SIKLIKLA DEPRESYONLA KARIŞTIRILIYOR…
Ruhsal bir bozukluk veya bir hastalık olarak görülmemesi gereken tükenmişlik sendromu, sıklıkla depresyonla karıştırılıyor. Ancak depresyondan farklı olarak tükenmişlik sendromunda kişi yaşadığı ortamdan uzaklaşıp farklı bir ortama geçtiğinde duygulanımı kolaylıkla değişebiliyor ve sıkıntıya düşen yaşamsal fonksiyonları normale dönebiliyor.

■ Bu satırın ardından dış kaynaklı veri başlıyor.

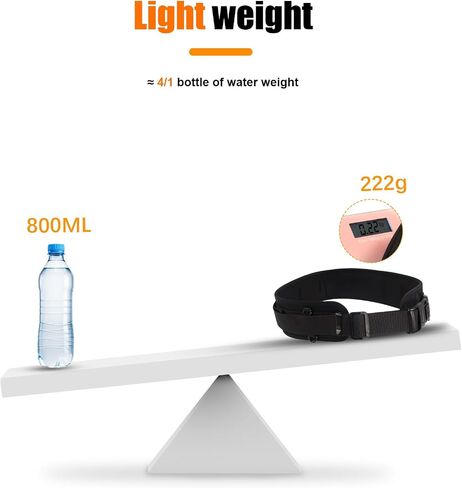 Cwatcun Multi-Function Camera Waist Belt, Outdoor Breathable Adjustable Camera Waist Strap for Photography Accessories in Kuwait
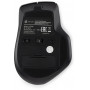 Мышь Oklick 502MW черный оптическая 2400dpi silent беспров. BTRadio USB для ноутбука 9but (1978678) Oklick 1978678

HAYATLA KAVGA ETMEYİN, KEYİFLE YAŞAYIN…
Tükenmişlik sendromuna yakalanmamak için kişi kendisine ve yaşamına pozitif bakmalı, öncelikle ruhunu beslemeli, stres oluşturan durumlardan uzaklaşmalı ve her ne yapıyorsa yapsın yaşamdan keyif almayı öncelikli olarak görmelidir. Sevilmek, değerli olmak, önemsenmek, dinlenmek, spor yapmak, seyahat etmek ve hafta sonu tatili gibi değişiklikler yapmak, dostlarla keyifli vakitler geçirmek, sevişmek, düzenli beslenmek, destekleyici vitaminler kullanmak gibi ruhsal ve bedensel ihtiyaçlarını karşılamayı kişi asla ihmal etmeden, yaşamla kavga halinde olmadan, sosyal ilişkilerini canlı tutmalı ve hayatını keyifle yaşamalıdır. Ayrıca kişi kendi hayatına dışarıdan bakmayı öğrenmeli, yaptıklarının hangilerini eleyebileceğine ve hangi işleri devredebileceğine karar vermelidir. “Ne kadar az insan, ne kadar az eşya o kadar huzur ve mutluluk!” felsefesiyle kişi yüklerinden kurtulmalı, hem kendisinden hem de başkalarından olan beklentilerini en aza indirmelidir. Bunların işe yaramaması durumunda kişi psikoterapiye başvurulabilir.